Spades in the ground might to be some way off, but as delegates left at least they could see the Ordsall Curve bridge which had been put in place while the conference was on to link Victoria and Piccadilly stations.

Follow me @JimHancockUK

 

 

 

THE TORIES HAVE THEIR PROBLEMS TOO.

 

OSBORNE ON MANOEUVRES.

So the Conservatives arrive in Birmingham this weekend in a clear blue political sky. Their enemies are divided, they have a brand new leader and the UK is leaving the hated EU.

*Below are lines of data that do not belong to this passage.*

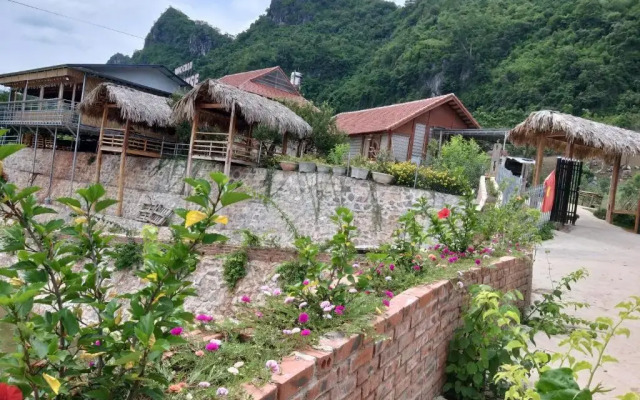 Eco House Mộc Châu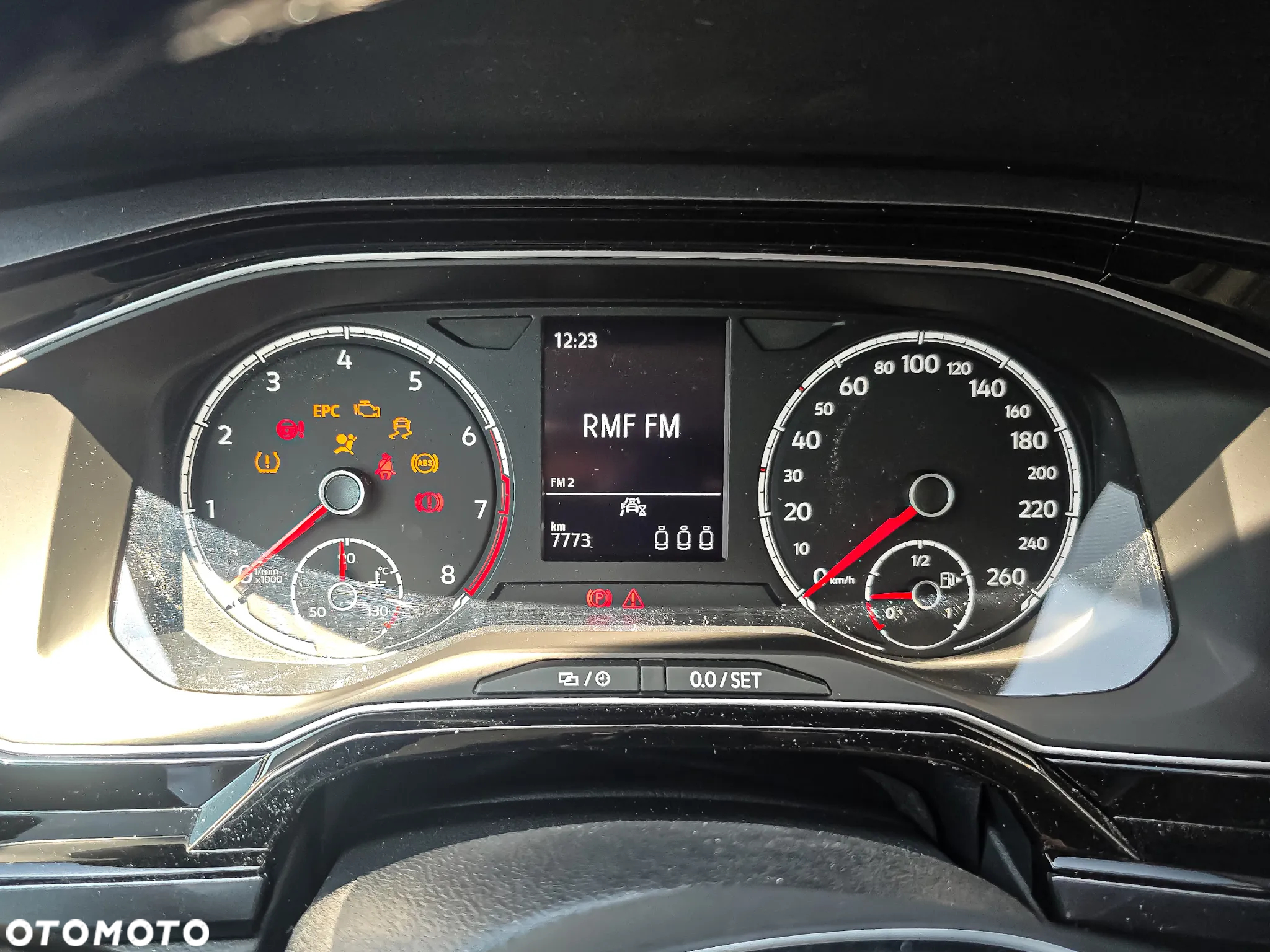 Volkswagen Polo 1.0 TSI Highline - 14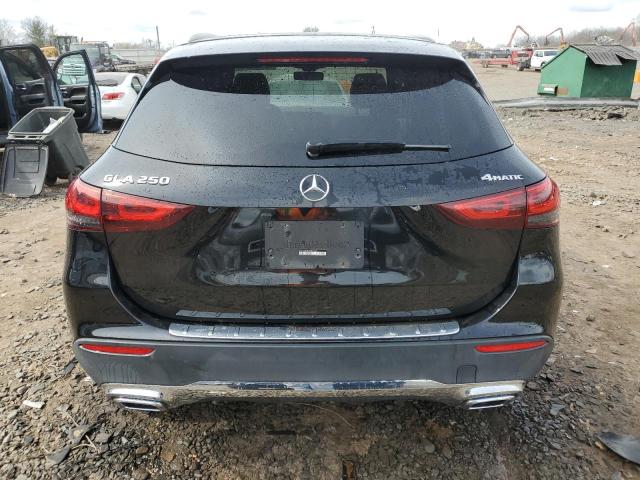 W1N4N4HB9MJ269025 Mercedes-Benz Gla 250 4matic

But look a little closer and things aren’t quite so simple. George Osborne, the former Chancellor, is on manoeuvres. He was not only sacked by Mrs May but she then made it clear that his pet project, the Northern Powerhouse, was sooo yesterday. Lord O’Neill of Gatley who was Osborne’s right hand man on the project has quit. From now on we have to talk about an “industrial strategy” which is far less Manchester focused. Osborne immediately set up his Northern Powerhouse think tank. This has as much to do with his power battle with the Prime Minister as it has to do with his ongoing commitment to the regeneration of the North. Proof of this comes from Judith Blake, the leader of Leeds City Council. Osborne was in such haste to put a shot across Mrs May’s bows, that she says Leeds knew nothing about the think tank.

Then there’s the former Education Secretary Nicky Morgan attacking the idea of more grammar schools and we are beginning to see a grouping of Osbornistas waiting to pounce if Theresa May should fail.

BREXIT MEANS TROUBLE.

The Anti EU Tendency has had as decisive a victory in the Tory Party as Jeremy Corbyn’s supporters have had in Labour. Over the years they have pressurised and outmanoeuvred the pro Europeans. They have brought down at least two Prime Ministers, engineered our Brexit and still they are not satisfied as you will find out in Birmingham. The conference fringe will ring to the repetition of the vacuous phrase “Brexit Means Brexit”. Now we have another one “Leave Means Leave”. The Anti EU ultras are just waiting for Mrs May to betray them on the terms of Brexit.

They won’t be satisfied until the tariff barriers are up, our universities are stripped of EU researchers and Nissan and General Motors are relocating in Europe.

CENTRE LEFT NO HOPERS.

After my dispiriting visit to the Lib Dems in Brighton looking for centre left solidarity, I headed off to Labour’s gathering in Liverpool and came away with the view that Jeremy Corbyn’s opponents are pretty clueless.

I am of the view that there is a huge opportunity for centre left politicians to emerge from their bunkers and unite to put up a common front to the Tories. When I asked former Lib Dem leader Nick Clegg about this , he went on about Labour’s bad behaviour in the electoral reform vote in 2011.

In Liverpool I decided to tackle Chuka Umunna. He’s the Labour MP who should have stood against Jeremy Corbyn but has funked it twice. At a fringe meeting he was regretting the referendum result, so I asked for his opinion on Lib Dem leader Tim Farron’s call for the Brexit package to be put to the British people. Umunna dismissed the idea as an attempt by Farron to get some attention for his party.

With some outrageous rigging of conference procedures the anti Corbyn forces are clinging on to control of the party’s National Executive, but they shouldn’t rely too heavily on Jeremy Corbyn’s promise not to introduce mandatory reselection for MPs. The left don’t need it, the boundary changes will provide the ideal opportunity to pounce.

At a fringe meeting I attended a platform speaker could not have been more clear when he dismissed the idea that Labour MPs should be elected in their twenties and stay until they decided to retire.

Meanwhile Jeremy Corbyn may be able to mobilise the dispossessed to vote in huge numbers to take him to power. A more likely outcome will be that the vision of high spending and no immigration controls that was approved in Liverpool this week will not appeal in Wirral, Morley and Nuneaton where Labour needs to win.